By Dana Goldman
“Moonshot” was the word Google CEO Larry Page used to describe his newest venture, Calico–a biotech startup focused on the challenge of aging and age-associated pathology. In fact, medical therapies to delay aging are increasingly feasible, and, as shown by our study in Health Affairs, could achieve a far greater return on investment than comparable advances in the treatment of specific diseases.
While our study provides the first clear economic justification for concerted social investment in delayed aging, biomedical researchers have already made impressive progress towards its technical realization. This year, researchers from Harvard and the University of New South Wales (UNSW) hope to begin human clinical trials for a compound found to dramatically reverse the aging process in mice. “People think anti-aging research is about us wanting to make people live until they are 200,” says Dr. Nigel Turner, a senior research fellow at UNSW, “but the goal is really to help people be healthy longer into old age.”
The exceptional value of delayed aging comes from a re-alignment of medical research and innovation with the health challenges of an aging population.

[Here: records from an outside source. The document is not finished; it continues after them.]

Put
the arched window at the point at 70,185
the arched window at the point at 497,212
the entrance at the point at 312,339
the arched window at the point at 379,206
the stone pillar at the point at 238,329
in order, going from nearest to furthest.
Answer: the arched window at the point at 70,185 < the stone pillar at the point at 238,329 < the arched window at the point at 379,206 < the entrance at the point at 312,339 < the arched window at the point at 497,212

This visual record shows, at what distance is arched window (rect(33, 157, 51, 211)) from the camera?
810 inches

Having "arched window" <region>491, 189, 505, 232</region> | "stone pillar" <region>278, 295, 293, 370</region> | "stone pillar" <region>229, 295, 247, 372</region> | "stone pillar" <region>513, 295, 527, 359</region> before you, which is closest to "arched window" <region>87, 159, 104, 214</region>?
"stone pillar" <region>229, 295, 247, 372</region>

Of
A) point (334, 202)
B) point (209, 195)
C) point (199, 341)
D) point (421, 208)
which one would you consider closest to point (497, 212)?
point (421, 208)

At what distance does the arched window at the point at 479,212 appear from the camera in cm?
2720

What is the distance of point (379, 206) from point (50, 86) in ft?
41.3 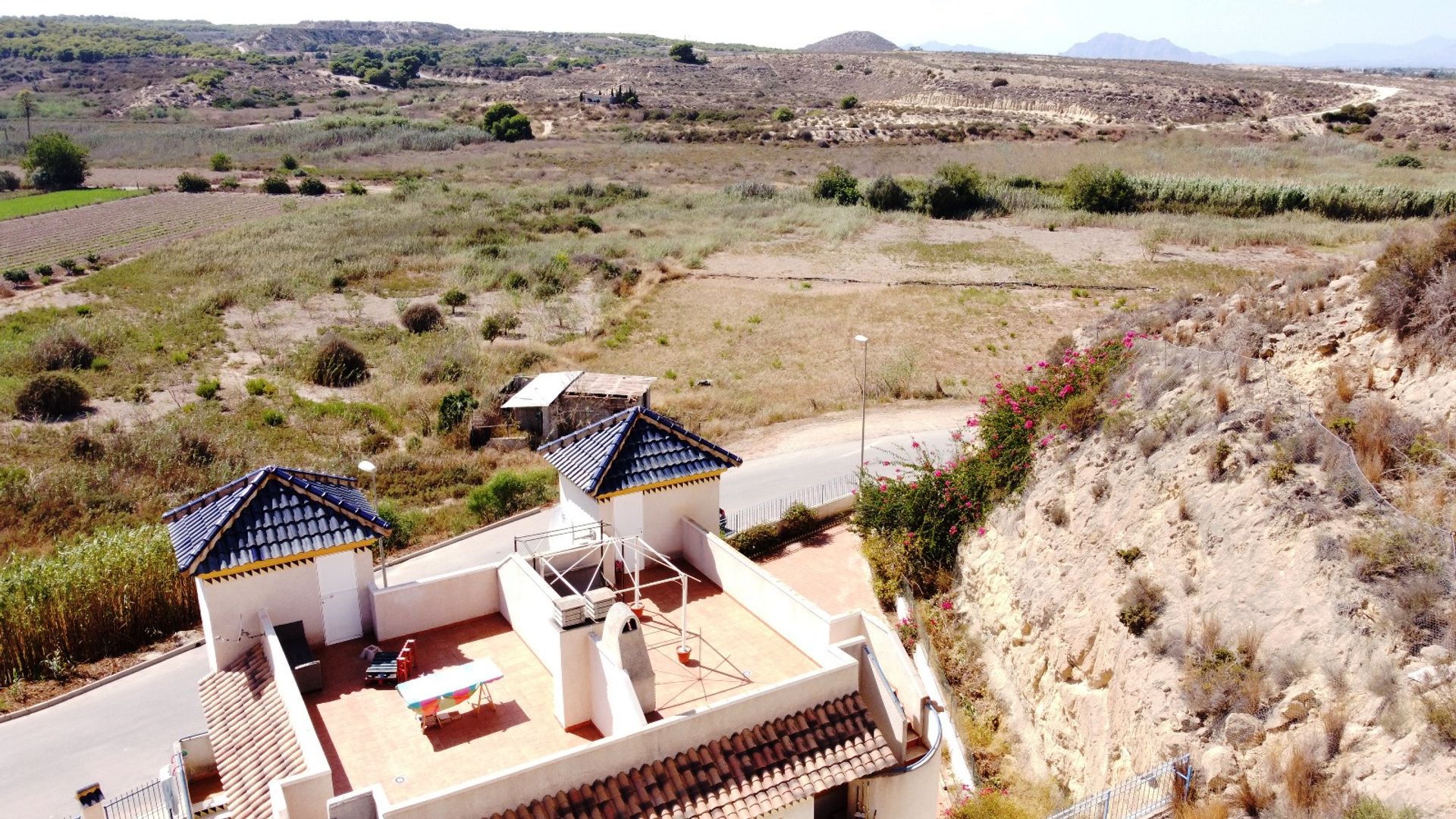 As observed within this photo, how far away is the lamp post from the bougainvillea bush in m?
10.9

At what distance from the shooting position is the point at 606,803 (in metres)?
11.5

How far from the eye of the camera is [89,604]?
20.8 meters

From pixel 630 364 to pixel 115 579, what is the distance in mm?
21980

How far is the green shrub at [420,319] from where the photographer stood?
145 feet

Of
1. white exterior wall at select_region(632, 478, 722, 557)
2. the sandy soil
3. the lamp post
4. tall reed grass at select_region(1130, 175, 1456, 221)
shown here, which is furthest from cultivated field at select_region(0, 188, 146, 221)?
tall reed grass at select_region(1130, 175, 1456, 221)

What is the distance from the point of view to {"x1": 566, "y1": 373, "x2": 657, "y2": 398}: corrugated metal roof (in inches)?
1261

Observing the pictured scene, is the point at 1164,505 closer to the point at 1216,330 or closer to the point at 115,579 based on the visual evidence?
the point at 1216,330

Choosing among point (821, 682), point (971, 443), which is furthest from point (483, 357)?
point (821, 682)

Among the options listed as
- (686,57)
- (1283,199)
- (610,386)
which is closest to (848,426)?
(610,386)

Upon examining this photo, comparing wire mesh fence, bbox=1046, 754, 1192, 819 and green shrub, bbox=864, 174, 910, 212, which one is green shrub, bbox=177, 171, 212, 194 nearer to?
green shrub, bbox=864, 174, 910, 212

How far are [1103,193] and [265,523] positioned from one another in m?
65.4

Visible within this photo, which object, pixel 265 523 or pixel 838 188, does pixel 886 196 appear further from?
pixel 265 523

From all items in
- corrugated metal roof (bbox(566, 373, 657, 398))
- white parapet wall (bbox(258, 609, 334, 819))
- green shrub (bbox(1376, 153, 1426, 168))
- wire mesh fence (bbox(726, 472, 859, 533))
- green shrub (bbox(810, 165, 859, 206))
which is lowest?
wire mesh fence (bbox(726, 472, 859, 533))

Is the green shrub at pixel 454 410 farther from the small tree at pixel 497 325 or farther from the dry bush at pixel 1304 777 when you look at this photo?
the dry bush at pixel 1304 777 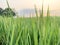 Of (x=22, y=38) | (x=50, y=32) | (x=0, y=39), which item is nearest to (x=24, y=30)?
(x=22, y=38)

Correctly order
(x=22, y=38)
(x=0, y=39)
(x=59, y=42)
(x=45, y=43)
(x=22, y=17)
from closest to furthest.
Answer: (x=45, y=43)
(x=59, y=42)
(x=22, y=38)
(x=22, y=17)
(x=0, y=39)

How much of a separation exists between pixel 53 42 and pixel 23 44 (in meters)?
0.23

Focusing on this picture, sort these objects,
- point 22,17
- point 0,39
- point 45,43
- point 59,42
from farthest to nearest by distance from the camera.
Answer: point 0,39 < point 22,17 < point 59,42 < point 45,43

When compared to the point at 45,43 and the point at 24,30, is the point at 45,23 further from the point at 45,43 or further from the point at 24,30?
the point at 24,30

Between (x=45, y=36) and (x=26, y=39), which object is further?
(x=26, y=39)

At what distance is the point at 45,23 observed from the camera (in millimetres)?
1383

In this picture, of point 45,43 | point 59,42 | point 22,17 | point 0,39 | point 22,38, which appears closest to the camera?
point 45,43

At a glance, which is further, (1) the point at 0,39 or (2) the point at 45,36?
(1) the point at 0,39

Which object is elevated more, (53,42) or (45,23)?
(45,23)

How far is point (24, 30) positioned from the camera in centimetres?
167

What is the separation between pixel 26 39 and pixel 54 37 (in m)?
0.24

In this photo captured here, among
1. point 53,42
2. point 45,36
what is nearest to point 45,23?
point 45,36

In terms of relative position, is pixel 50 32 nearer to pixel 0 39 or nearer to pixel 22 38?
pixel 22 38

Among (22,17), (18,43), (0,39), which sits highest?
(22,17)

Historically, medical research has focused on improving the diagnosis and treatment of specific life-threatening illnesses such as cancer or heart disease. This “disease model” approach dramatically increased American life expectancy over the past 50 years, but has proven less effective in safeguarding the health of the resultant elderly population. Frailties associated with biological aging increase susceptibility to a cluster of chronic, disabling or lethal conditions–treat one and another soon takes its place. These competing risks diminish the disease model’s utility until, as seems to have occurred since 2002, gains in life expectancy are matched or even outpaced by rising disability rates. The unsustainable consequence is that each year more people spend more of their lives in worse health.
Stagnation in elderly health outcomes coupled with the population’s explosive growth–expected to more than double from 43 million in 2010 to 106 million in 2060–now threatens the American medical system’s integrity. What is needed is a new direction for medical research that will build on our past gains in longevity, but also ensure that these additional years are spent in good health. Medical advances which delay aging, simultaneously forestalling all associated health risks, are a logical means to achieve this goal.
Using the Future Elderly Model (FEM), a microsimulation of the future health and healthcare spending of Americans over 65, we quantified the social and economic benefit of a switch from our current disease model to one that addresses the condition of aging itself. For reference, we first simulated the status quo in which medical research continues to improve the diagnosis and treatment of specific diseases. The FEM showed that a 25% reduction in cancer or heart disease over the next two decades would yield only a modest one-year improvement in life expectancies, with disability rates nearly identical to those observed today. These results confirm that an aging population will not substantially benefit from continued achievements within the conventional disease model.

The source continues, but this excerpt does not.